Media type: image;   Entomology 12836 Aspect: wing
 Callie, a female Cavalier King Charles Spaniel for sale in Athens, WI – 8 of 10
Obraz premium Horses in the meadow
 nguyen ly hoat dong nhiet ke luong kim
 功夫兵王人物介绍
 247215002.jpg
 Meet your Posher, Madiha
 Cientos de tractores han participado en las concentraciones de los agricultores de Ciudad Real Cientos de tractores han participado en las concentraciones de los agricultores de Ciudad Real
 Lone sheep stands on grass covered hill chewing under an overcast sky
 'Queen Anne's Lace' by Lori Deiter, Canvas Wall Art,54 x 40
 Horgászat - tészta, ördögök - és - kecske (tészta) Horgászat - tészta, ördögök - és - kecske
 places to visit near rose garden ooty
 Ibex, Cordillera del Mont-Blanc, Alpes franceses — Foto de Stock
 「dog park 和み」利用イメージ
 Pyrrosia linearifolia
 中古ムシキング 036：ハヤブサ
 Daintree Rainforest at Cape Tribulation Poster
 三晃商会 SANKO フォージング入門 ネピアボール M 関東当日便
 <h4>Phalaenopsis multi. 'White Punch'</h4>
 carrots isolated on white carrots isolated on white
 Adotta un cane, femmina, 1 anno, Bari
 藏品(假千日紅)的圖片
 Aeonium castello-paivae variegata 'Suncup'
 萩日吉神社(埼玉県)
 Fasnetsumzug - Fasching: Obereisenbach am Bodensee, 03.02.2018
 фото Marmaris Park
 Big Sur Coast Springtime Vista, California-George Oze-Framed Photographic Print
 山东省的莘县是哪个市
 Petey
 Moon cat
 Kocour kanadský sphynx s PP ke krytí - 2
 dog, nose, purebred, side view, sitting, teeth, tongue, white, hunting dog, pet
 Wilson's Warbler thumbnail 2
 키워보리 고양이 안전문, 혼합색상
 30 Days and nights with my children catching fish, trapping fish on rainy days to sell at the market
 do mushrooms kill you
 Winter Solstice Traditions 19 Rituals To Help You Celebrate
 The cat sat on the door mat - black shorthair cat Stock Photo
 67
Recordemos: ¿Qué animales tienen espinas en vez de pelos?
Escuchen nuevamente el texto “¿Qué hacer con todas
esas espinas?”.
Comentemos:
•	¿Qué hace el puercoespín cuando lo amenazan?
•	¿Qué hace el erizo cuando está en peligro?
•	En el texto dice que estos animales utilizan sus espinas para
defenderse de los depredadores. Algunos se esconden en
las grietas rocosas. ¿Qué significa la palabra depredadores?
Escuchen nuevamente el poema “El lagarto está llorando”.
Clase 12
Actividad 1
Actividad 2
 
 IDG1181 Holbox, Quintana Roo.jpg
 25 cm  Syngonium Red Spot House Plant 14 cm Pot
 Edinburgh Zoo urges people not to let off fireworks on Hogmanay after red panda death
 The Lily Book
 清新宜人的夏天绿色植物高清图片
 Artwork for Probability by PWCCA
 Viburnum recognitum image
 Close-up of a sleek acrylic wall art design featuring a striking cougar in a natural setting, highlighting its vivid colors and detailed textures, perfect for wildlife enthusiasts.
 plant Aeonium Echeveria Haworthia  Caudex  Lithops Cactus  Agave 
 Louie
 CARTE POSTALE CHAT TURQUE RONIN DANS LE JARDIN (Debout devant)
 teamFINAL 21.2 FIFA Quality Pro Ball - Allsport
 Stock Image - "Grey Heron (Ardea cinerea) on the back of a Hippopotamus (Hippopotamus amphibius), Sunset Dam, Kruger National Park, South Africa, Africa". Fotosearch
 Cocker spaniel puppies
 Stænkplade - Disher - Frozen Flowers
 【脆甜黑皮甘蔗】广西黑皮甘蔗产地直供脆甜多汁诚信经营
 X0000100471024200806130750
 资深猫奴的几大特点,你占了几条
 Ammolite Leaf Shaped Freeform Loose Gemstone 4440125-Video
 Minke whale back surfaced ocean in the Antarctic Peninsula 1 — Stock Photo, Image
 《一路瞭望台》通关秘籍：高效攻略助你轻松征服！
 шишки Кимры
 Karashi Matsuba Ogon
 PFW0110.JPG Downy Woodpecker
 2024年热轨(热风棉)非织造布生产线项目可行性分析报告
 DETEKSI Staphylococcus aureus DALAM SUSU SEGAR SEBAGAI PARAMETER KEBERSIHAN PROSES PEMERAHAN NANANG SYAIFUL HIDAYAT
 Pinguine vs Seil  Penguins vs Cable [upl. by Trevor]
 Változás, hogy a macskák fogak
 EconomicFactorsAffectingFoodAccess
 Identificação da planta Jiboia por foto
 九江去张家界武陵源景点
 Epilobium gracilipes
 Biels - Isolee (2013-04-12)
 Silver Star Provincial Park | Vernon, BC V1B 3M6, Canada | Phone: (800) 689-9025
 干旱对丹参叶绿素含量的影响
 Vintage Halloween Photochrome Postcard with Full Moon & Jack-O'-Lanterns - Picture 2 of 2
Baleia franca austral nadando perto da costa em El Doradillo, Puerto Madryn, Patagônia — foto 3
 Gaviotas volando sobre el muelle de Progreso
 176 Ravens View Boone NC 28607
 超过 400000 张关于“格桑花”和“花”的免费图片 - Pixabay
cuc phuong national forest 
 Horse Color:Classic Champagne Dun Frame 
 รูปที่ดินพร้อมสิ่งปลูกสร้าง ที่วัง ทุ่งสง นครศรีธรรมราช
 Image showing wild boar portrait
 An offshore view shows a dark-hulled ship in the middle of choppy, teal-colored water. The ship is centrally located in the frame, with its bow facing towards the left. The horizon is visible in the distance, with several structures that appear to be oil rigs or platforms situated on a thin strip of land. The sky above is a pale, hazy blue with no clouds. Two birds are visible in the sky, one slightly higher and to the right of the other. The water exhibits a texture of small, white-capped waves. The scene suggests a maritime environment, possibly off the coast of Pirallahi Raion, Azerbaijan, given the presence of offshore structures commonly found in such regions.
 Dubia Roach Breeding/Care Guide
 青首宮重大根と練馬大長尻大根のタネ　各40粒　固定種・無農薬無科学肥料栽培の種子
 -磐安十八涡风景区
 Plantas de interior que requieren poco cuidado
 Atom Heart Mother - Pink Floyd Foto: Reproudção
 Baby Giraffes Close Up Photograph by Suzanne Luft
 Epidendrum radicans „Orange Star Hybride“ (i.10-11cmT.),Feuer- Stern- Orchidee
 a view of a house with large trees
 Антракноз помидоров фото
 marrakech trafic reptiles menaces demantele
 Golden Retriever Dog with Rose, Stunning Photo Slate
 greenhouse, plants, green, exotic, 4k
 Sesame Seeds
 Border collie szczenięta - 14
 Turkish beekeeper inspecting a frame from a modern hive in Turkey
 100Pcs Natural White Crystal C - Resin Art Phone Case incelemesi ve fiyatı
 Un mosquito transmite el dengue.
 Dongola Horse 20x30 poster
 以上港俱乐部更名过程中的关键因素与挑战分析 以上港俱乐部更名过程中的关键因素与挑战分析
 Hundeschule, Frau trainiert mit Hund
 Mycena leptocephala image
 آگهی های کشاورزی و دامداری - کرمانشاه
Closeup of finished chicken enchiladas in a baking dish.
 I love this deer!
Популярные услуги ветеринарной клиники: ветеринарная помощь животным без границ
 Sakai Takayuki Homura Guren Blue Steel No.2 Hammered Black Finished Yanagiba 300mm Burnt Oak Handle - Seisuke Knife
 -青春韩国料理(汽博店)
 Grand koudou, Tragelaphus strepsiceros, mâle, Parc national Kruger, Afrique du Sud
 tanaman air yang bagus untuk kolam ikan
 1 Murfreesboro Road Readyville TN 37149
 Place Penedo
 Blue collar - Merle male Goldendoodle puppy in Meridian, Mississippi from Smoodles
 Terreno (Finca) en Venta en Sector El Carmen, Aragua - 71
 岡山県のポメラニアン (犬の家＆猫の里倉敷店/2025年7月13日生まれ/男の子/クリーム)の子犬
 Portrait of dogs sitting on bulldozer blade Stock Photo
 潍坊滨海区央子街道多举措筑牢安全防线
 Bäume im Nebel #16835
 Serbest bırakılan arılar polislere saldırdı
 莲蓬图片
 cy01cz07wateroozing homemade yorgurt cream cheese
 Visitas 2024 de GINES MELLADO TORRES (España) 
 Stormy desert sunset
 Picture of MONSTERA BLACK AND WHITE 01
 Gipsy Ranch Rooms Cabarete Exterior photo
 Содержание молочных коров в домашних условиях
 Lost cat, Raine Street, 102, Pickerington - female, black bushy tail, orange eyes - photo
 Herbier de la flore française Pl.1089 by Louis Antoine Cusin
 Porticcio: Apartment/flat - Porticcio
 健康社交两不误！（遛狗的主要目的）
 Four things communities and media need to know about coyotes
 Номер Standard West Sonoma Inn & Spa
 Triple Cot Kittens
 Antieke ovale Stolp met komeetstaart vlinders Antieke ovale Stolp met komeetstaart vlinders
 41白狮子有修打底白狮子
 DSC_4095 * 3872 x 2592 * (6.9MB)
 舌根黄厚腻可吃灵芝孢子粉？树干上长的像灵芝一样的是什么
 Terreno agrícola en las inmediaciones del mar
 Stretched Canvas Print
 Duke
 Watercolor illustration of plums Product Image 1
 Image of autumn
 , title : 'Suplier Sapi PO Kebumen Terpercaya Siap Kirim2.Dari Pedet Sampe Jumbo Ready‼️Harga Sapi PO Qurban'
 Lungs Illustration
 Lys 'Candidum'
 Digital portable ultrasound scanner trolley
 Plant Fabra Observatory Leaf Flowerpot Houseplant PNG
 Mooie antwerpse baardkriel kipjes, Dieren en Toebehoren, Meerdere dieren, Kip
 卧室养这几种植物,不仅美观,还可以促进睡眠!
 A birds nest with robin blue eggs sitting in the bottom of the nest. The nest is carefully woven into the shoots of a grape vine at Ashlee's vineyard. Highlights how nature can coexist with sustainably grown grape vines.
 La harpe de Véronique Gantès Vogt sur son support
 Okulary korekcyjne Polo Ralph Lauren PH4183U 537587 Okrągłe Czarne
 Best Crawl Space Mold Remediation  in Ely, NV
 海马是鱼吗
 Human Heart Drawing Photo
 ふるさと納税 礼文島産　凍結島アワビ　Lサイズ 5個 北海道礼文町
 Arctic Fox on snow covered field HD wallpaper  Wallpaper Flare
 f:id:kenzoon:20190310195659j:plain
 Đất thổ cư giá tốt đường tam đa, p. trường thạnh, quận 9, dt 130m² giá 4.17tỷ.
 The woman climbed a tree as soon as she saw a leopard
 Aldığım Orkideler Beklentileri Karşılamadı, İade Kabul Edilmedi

#### [EXERCISE OBJECTIVE]
This exercise needs every line of the listing that contains the word "Canvas".

#### [RESULT OF THIS TASK]
 'Queen Anne's Lace' by Lori Deiter, Canvas Wall Art,54 x 40
 Stretched Canvas Print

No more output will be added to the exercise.